If you go down to the woods today, You’re sure of a big surprise…
WHAT A CUTIE! I want to hug him and kiss him and pet him and sleep with him in my arms. And the teddy bear’s pretty cute too…
TED (voiced by Seth MacFarlane) is a teddy bear who is raunchy and foul-mouthed, filthy-minded and immoral, a lecher, a pot-smoker, a hedonist and a sex addict. And Mark Wahlberg is pretty cool too. When John Bennett (Wahlberg) was a little boy, he wished his teddy to life and it came true, because – so narrates saucy Patrick Stewart – “there’s nothing more powerful than a young boy’s wish… except an Apache helicopter…”
Now Ted and John share an apartment, and a love of pot, a hatred of thunder, and a man-crush on Sam Jones from FLASH GORDON. The fame that would accompany a real talking teddy bear is quickly addressed, and explains how the populace takes Ted for granted now (“No matter how big a splash you make in this world,” narrates the game Stewart, over shots of Ted doing the talk-show circuit, “eventually nobody gives a shit.”). And through all Ted’s dalliances with hookers and celebs, 35-year-old John has somehow retained a relationship over the past four years with Lori (Mila Kunis).
Written and directed by Seth MacFarlane (FAMILY GUY, AMERICAN DAD), TED is one of those relentless comedies that latches onto your jugular and refuses to be shaken off. Ted’s mouth runs like an exploding sewer, and his cuteness makes up for any non-pc banter that might offend the lesser-hearted; Patrick Warburton as a closeted workmate; running gags on Tom Skerritt; Ryan Reynolds cameos as a gay boyfriend (“that Van Wilder-lookin’ guy”); Jessica Barth as Ted’s trailer-trash squeeze (as Tarantino might be inclined to ask directors who hire hot chicks, “Did MacFarlane TAP that?); Joel McHale (THE SOUP) playing his sardonic SOUP card; fart jokes, dick jokes, scat jokes, smoking, drinking, drugging, prostitution. Bring the kids.

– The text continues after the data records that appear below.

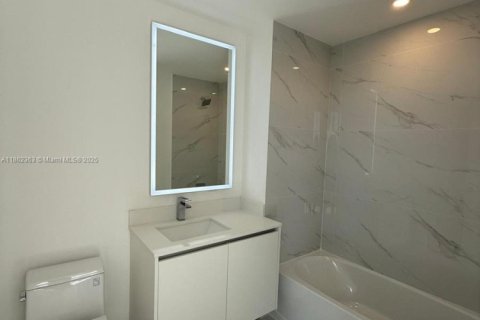 Condominio en alquiler en Miami, Florida, 4 dormitorios, 249.54 m2 № 1891031 - foto 30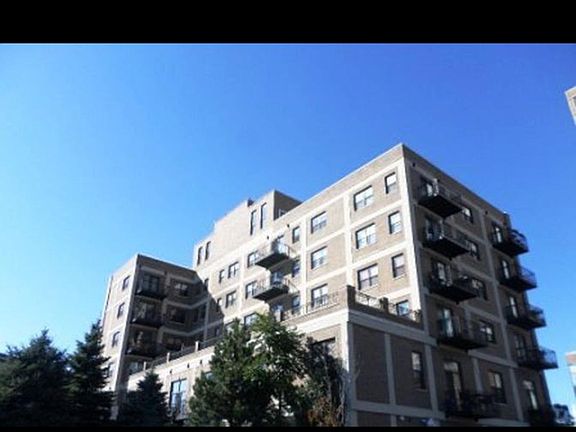 5th image of 1791 W Howard St Unit 303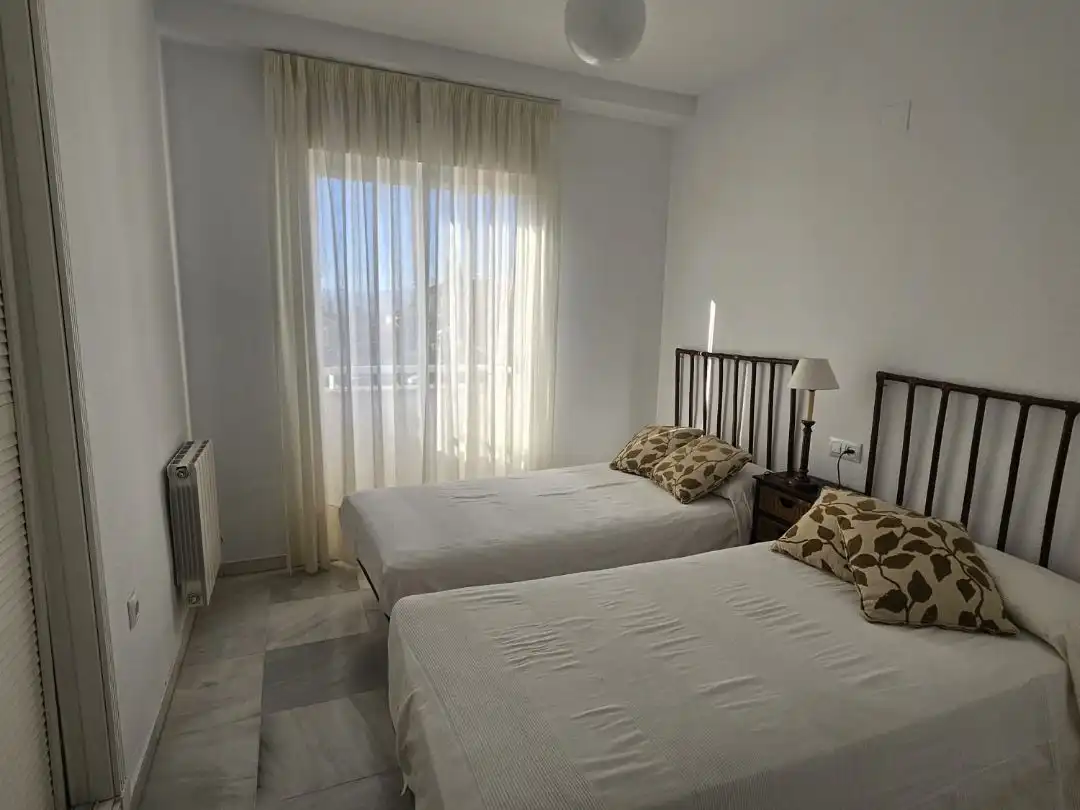 Dormitori de Casa o xalet en venda en Albolote amb Aire condicionat, Terrassa i Piscina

On their fourth dating anniversary, Lori is expecting a proposal from John, which (in her eyes at least) would indicate he is accepting responsibility as a man, rather than remaining (in her eyes at least) in a state of arrested development due to Ted’s ubiquitous presence and bad influence. To allow John to move on with his life, an ultimatum to Ted: get a job (which would definitely cut into his weed-smoking and hooker time).

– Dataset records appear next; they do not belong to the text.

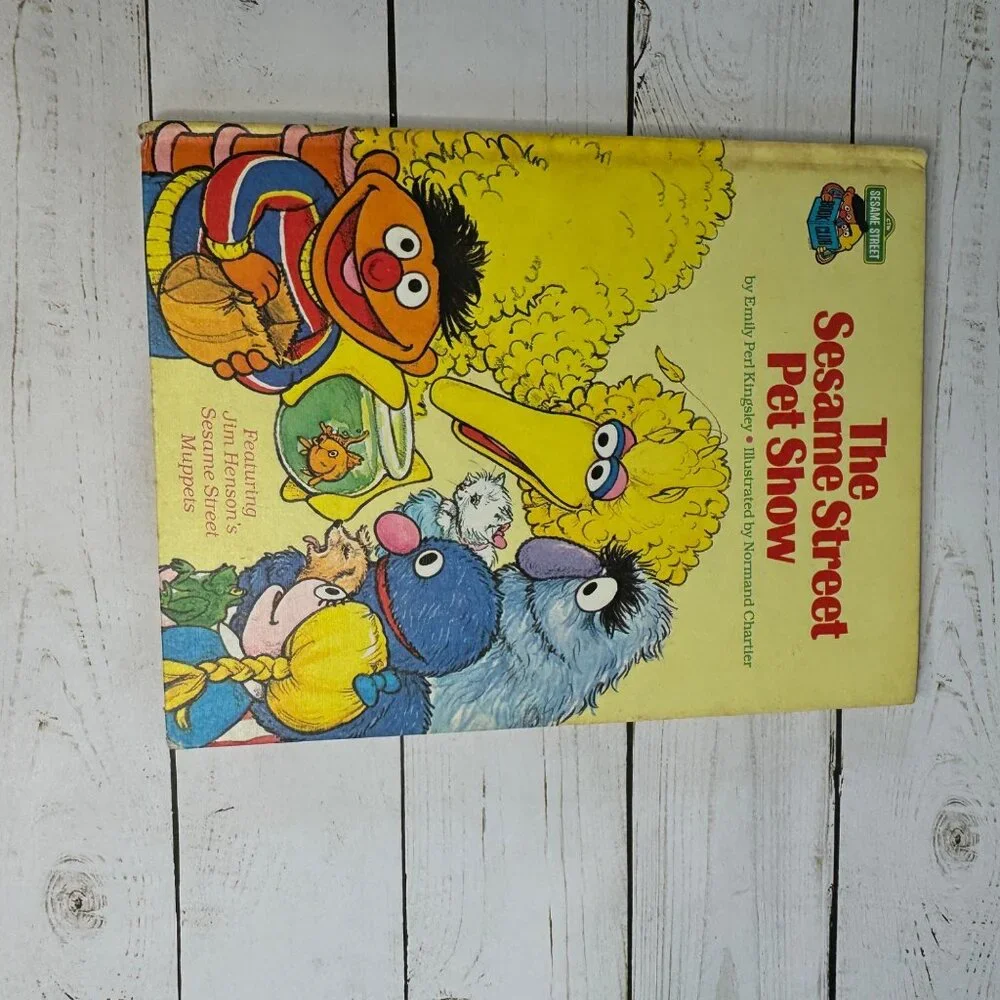 Lot of 5 Sesame Street Book club HC Books Big Bird Grover Molly Freddie Pet Show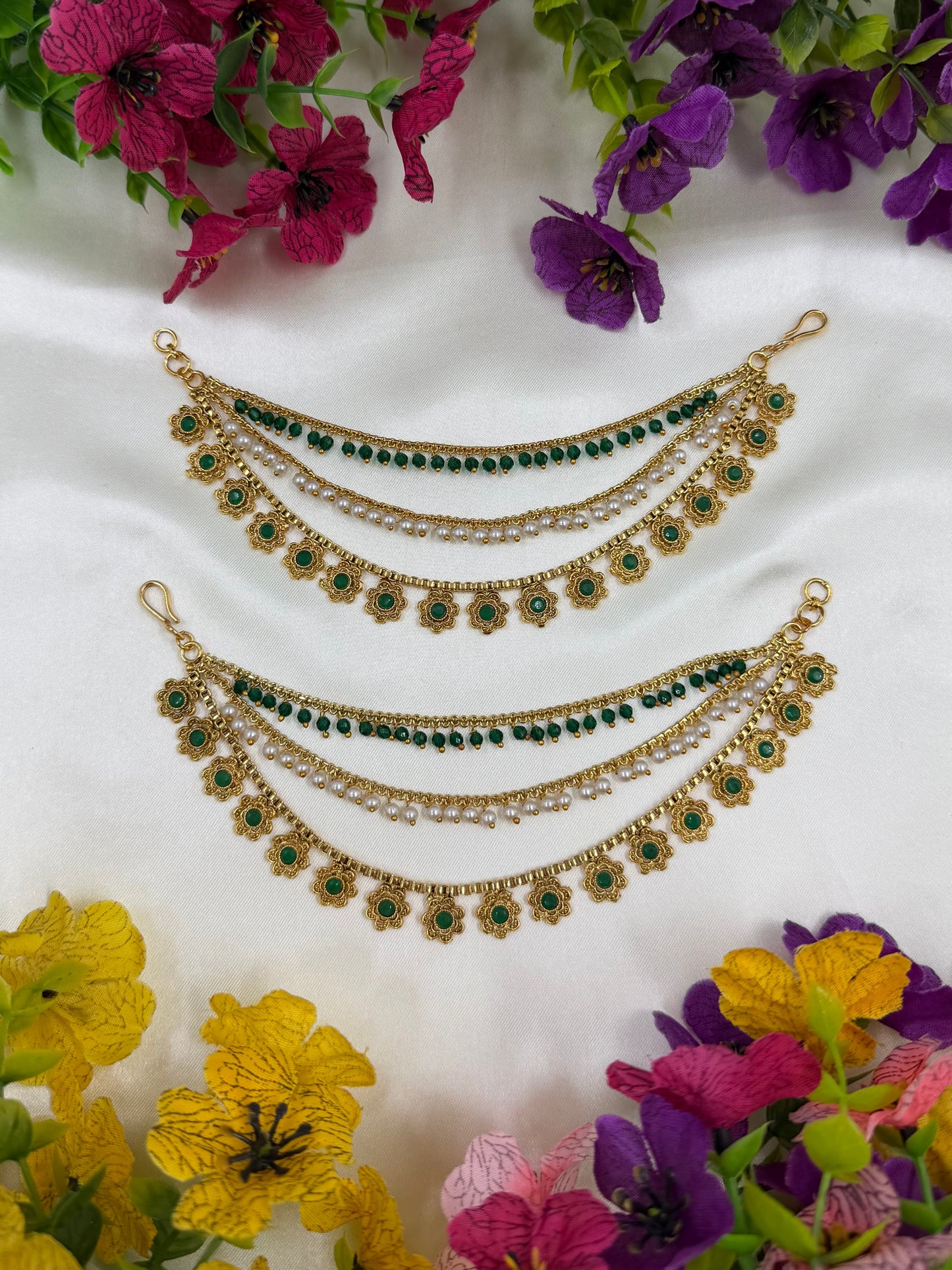Roshni Moti Earchain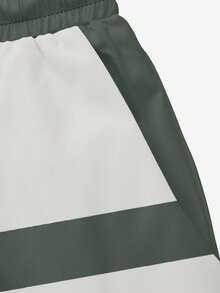 Bañador de hombre con rayas rojas, blancas y azules, diseño de bloques de color, forro triangular incorporado, shorts de playa de secado rápido - Verde - Ver 10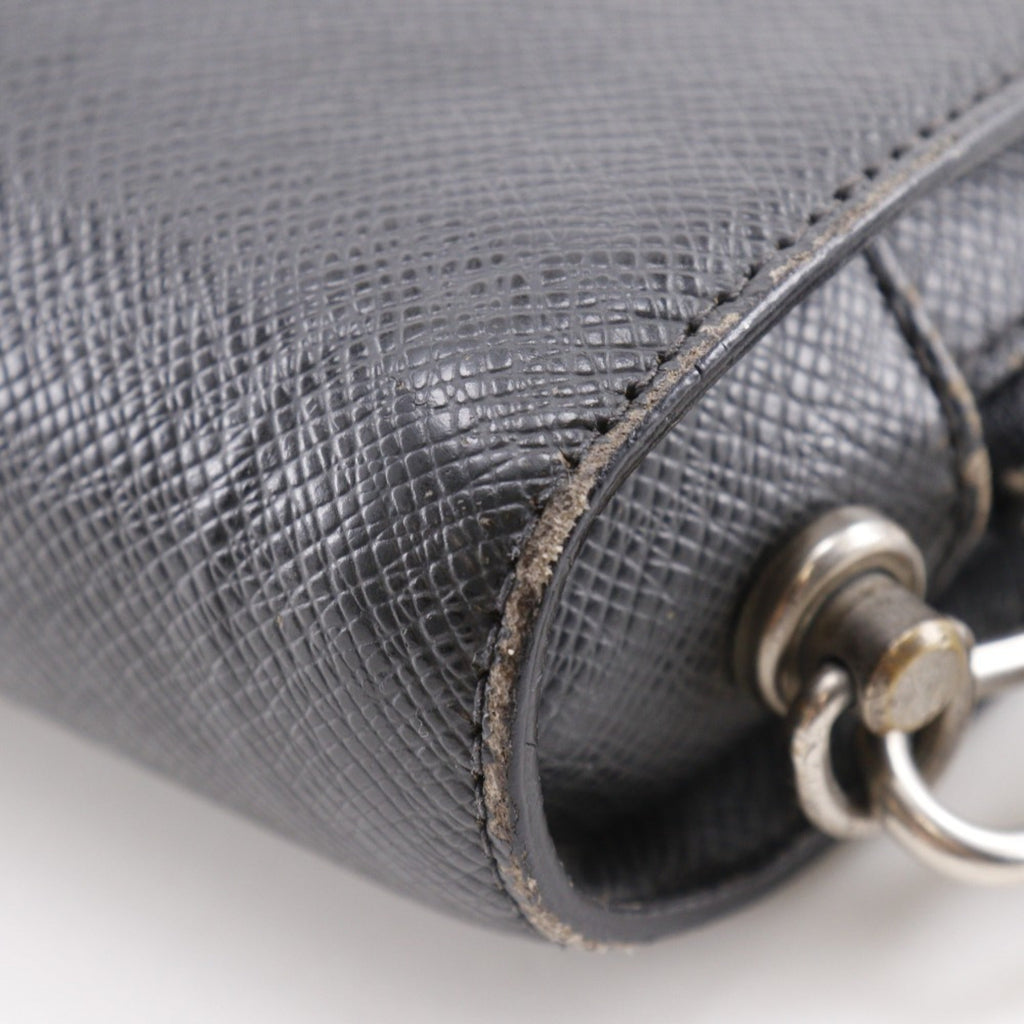 Louis Vuitton Taiga Ardoise Black Taiga Leather Handbag (Pre-Owned)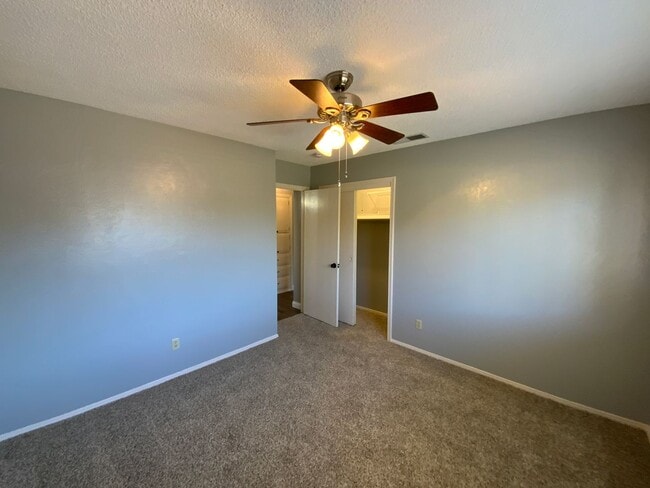 Building Photo - 3 Bedroom Single Story Home Available Near Louisiana Blvd NE & Candelaria Rd NE!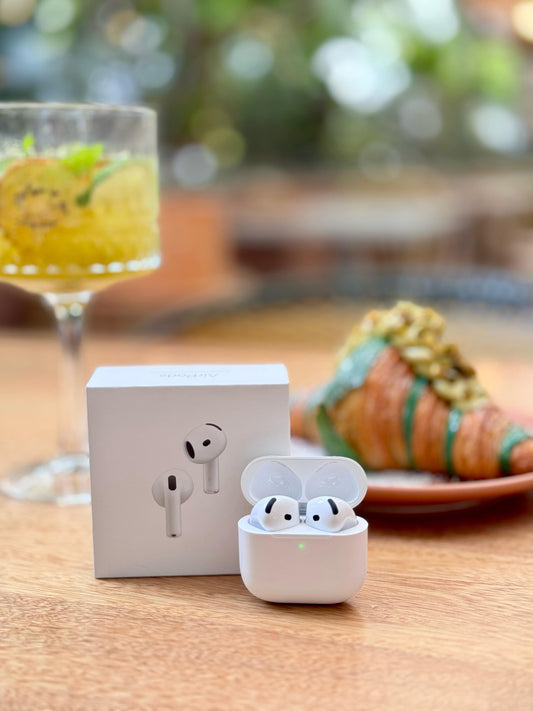 AUDIFONO INALAMBRICO AIRPODS 4 GENERACION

“You think you got what it takes?” asks the grocery store manager (Bill Smitrovich) in Ted’s job interview. Ted replies, “I’ll tell you what I got: your wife’s pussy on my breath” – and gets promoted.

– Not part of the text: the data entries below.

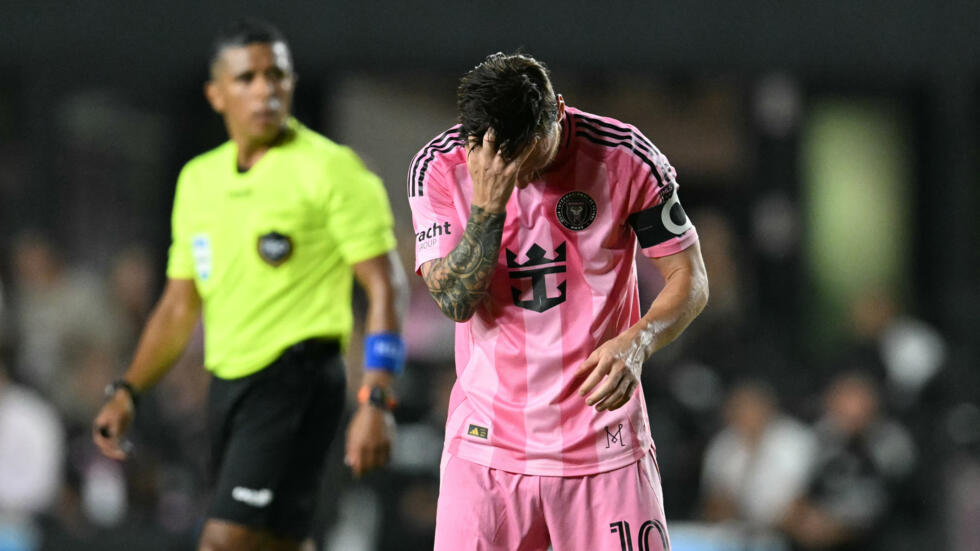 Lionel Messi frustrado tras la goleada sufrida por el Inter Miami el 18 de mayo de 2025 ante Orlando City en la MLS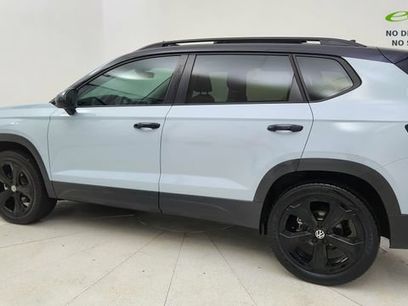 Used 2025 Volkswagen Taos SE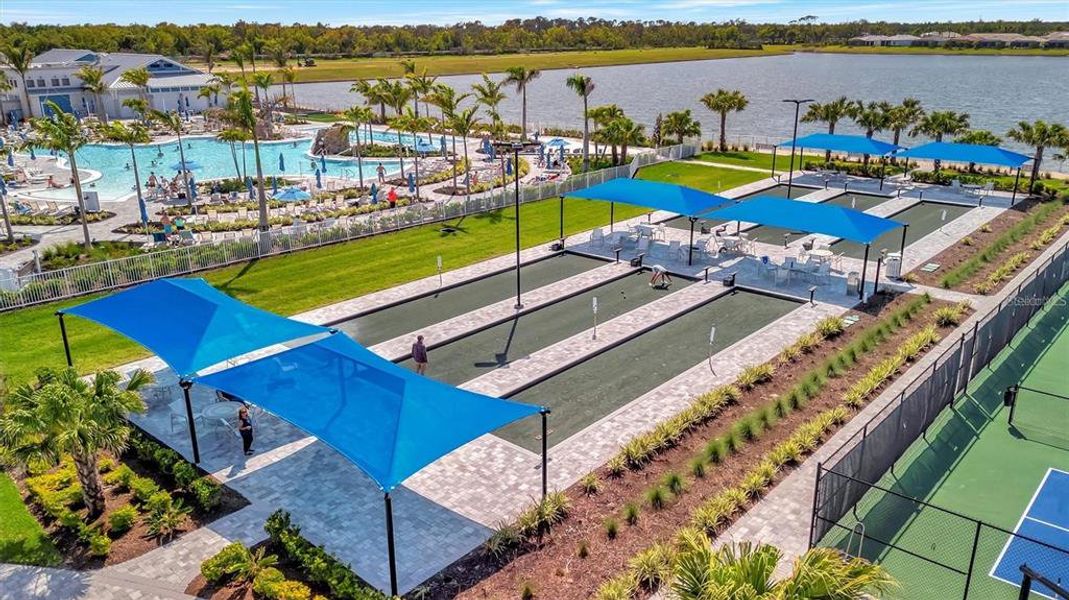 Community amenities in , Englewood (Image 50). Community amenities in , Englewood (Image 50).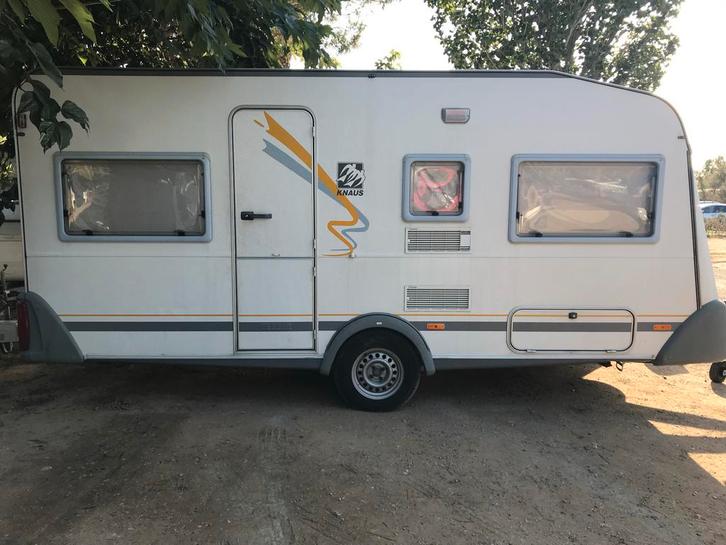 Knaus Sudwind 450 1998 incl. inboedel, Spanje, Caravans en Kamperen, Caravans, Particulier, tot en met 4, 1000 - 1250 kg, Rondzit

Meanwhile, an eccentric Ted fanatic (ominously funny Giovanni Ribisi) is stalking Ted to steal him for his own spoiled son.
Wahlberg’s man-pecs might be self-admittedly delicious, but his acting style still makes us think he’s pushing his voice forward against the wishes of his diaphragm. Funnily enough, in TED, it works! I like the guy as a person – he seems very sincere and a loving family man and great businessman – but no one’s going to accuse him of Thespianism any day soon. Sometimes that One Demeanor/Pushing Air vapidity works uproariously (THE OTHER GUYS, THE DEPARTED), and sometimes it just looks out of place (PLANET OF THE APES 2001) or fails miserably (THE HAPPENING). But he gets to dust off his “Bahston” accent here once again (while Ted sounds suspiciously like Peter Griffin from FAMILY GUY. He denies it though).
Then John and Ted meet Sam Jones (aka Flash!) and we realize how good an actor Mark Wahlberg really is! Bonus – upon meeting Flash, Queen songs start littering the soundtrack. (Queen composed the score for FLASH GORDON.)
Seth MacFarlane’s excellent directorial skills go unnoticed in TED due to the subject matter and content. Keep in mind, this is MacFarlane’s first feature film, and the finished product is so polished and powerful, it seems like he’s been doing this for years. Not only that, he’s writing, voice-acting, and working with CGI (Ted will hate me for telling you this, and will deny it profusely, but he is 100% CGI). MacFarlane keeps the tone upbeat through all the filthy action, and even when it gets dark, his writing keeps comedic tidbits and cultural refs flying at us from every direction – left field, right field, like a bolt from the sky and like a kick to the balls. Bring the kids.